Dask is a framework for easily paralellizing python code.

In [None]:
# core object for interacting with dask_gateway
from dask_gateway import Gateway
gateway = Gateway()

## List active cluster

QHub has a rich authorization model so it is possible that your given user does not have access. Consult your administrator if you need access.

In [None]:
gateway.list_clusters()

# Dask Gateway Options

When spinning up a Dask cluster there are many options. For QHub we have simplified these options into:
  - the environment that you want your Dask scheduler and workers to run (ensure this matches your jupyter kernel in the top right of this notebook)
  - the size of the given scheduler and workers. This is configurable by your administrator and often controls the cpu and ram per worker
  - environment variables to set on the workers

In [None]:
options = gateway.cluster_options()
options

# Create a new Dask cluster

Clusters can easily be created by asking Dask Gateway for a new cluster. The cluster will be created with all the options selected above. Once a gui is created you should be able to click on the dashboard link to see dask scheduler dashboard. This is useful for debugging. Additionally in the menu below you can scale up and down the cluster.

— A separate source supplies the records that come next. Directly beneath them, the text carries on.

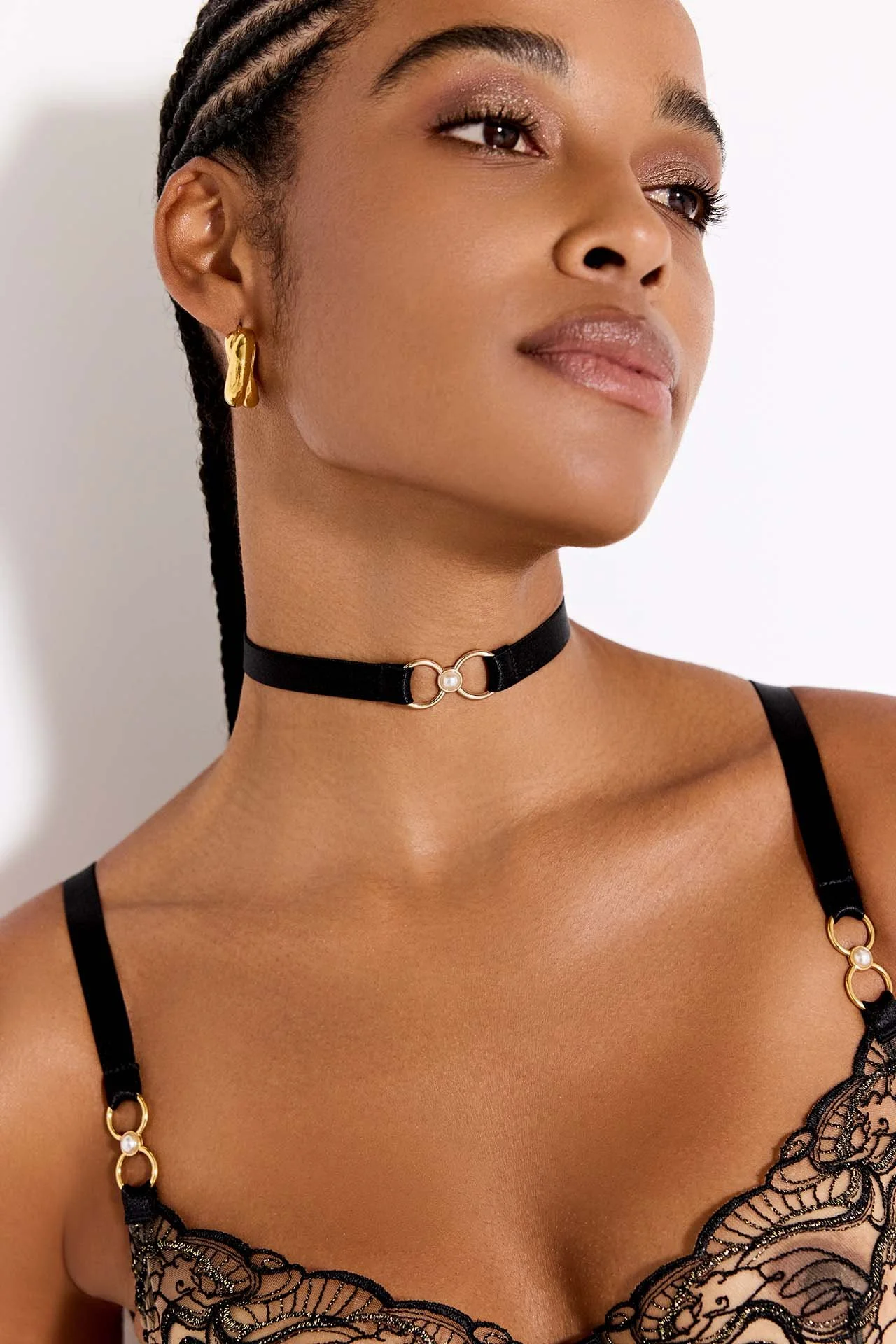Bordelle Pearl Collar Black Crop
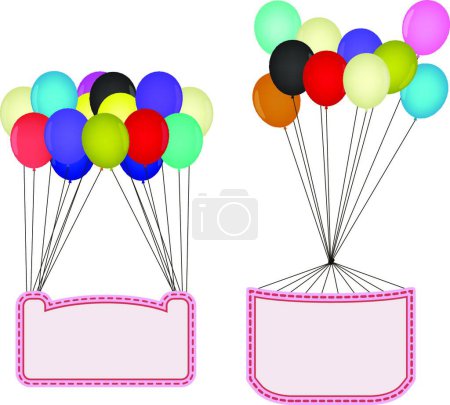 Téléchargez les photos : Ballons avec plaque, illustration vectorielle design simple - en image libre de droit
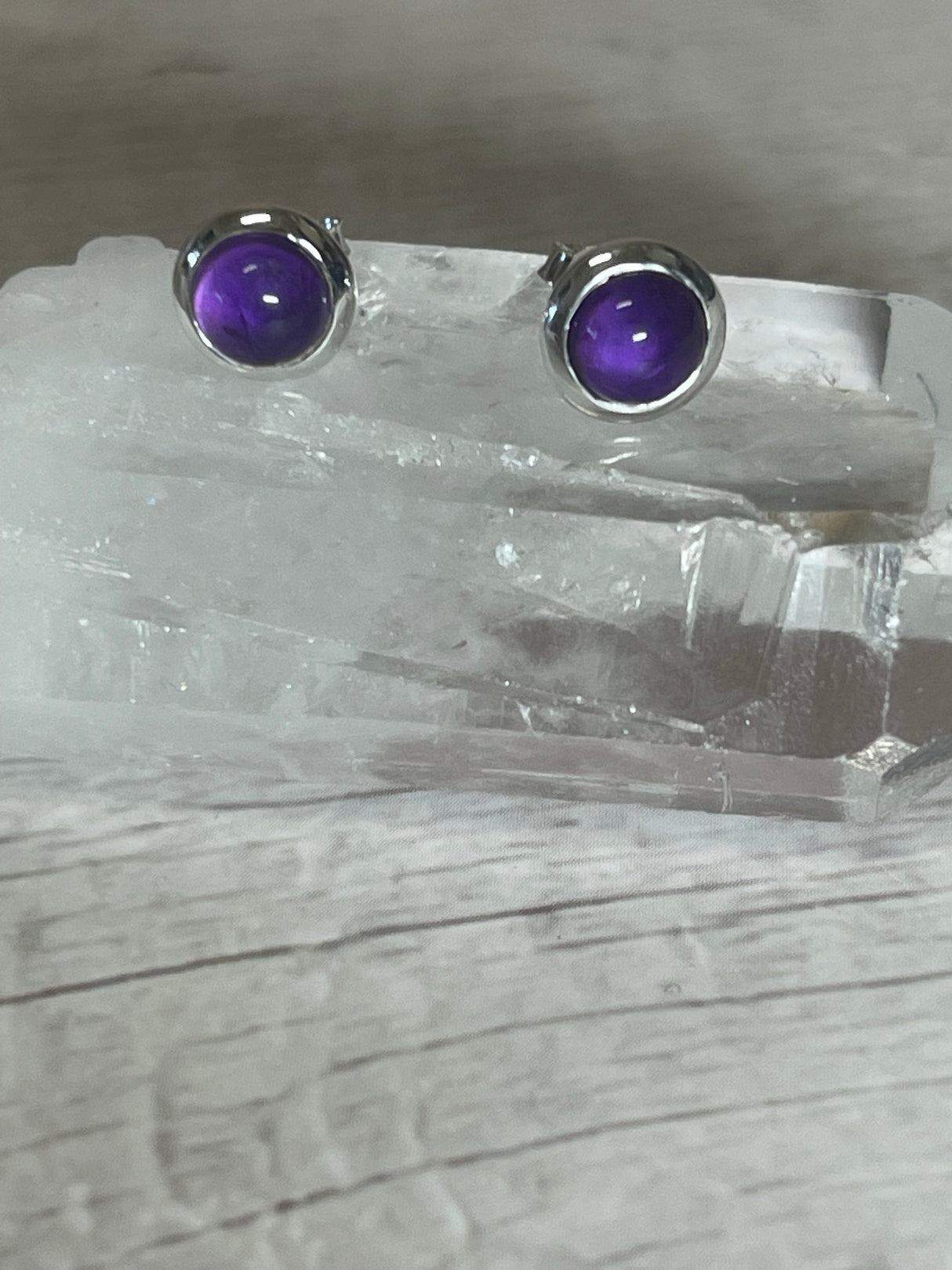 Amethyst Silver Stud Earrings - Intuition and Protection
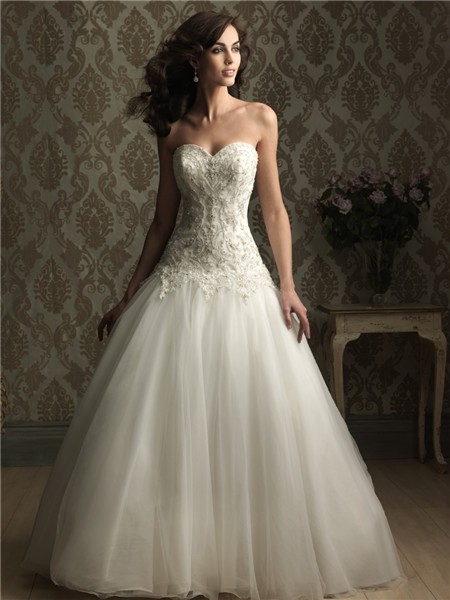 Fitted Ball Gown Sweetheart Satin Tulle Wedding Dress With Embroidery ...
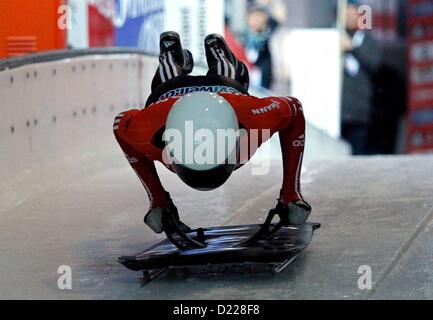 Koenigssee, Germania. 11 gennaio 2013. Lo scheletro FIBT Coppa del Mondo donne immagine mostra Janine gregge AUT Foto Stock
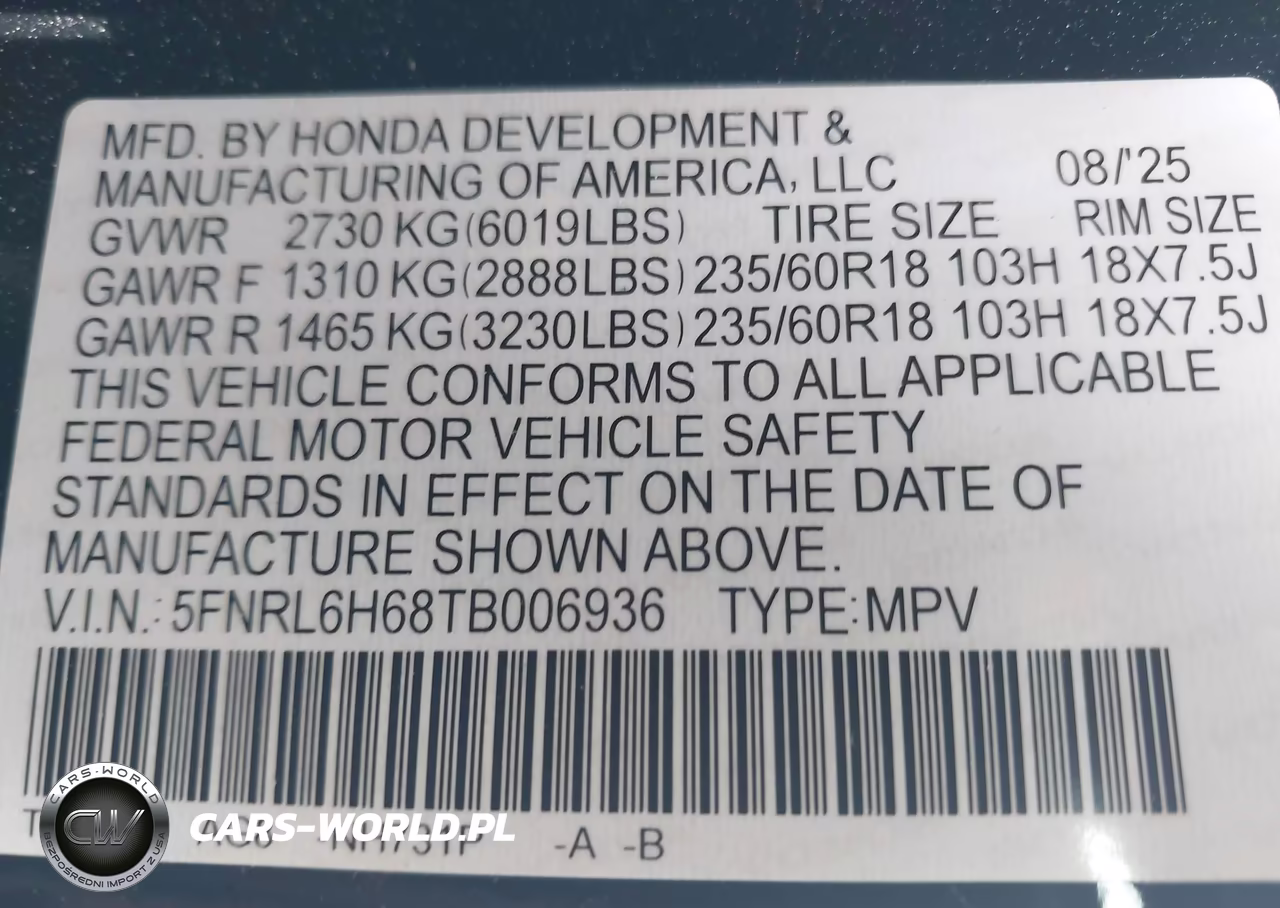 2026 Honda Odyssey Ex-L VIN:5FNRL6H68TB006936 - 9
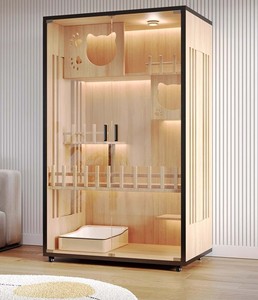 Descuento Limitado Villa de Lujo de Diseño Moderno para Gatos Grandes, Transpirable de <span class=keywords><strong>Madera</strong></span> y Vidrio, Casa para Mascotas Gatos - Product Image 6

Often when scaling up and down the workers this causes QHub to have to create new nodes which in the cloud takes a few minutes (5-6 minutes).

In [None]:
cluster = gateway.new_cluster(options)
cluster

# Create a dask client

The client object is what dask uses for all computations. It is from this point that all computation should be a normal dask computation.

In [None]:
client = cluster.get_client()
client

# Sample Computation

In [None]:
import dask.array as da
x = da.random.random((10000, 10000), chunks=(1000, 1000))
x

In [None]:
y = x + x.T
z = y[::2, 5000:].mean(axis=1)
z

In [None]:
z.compute()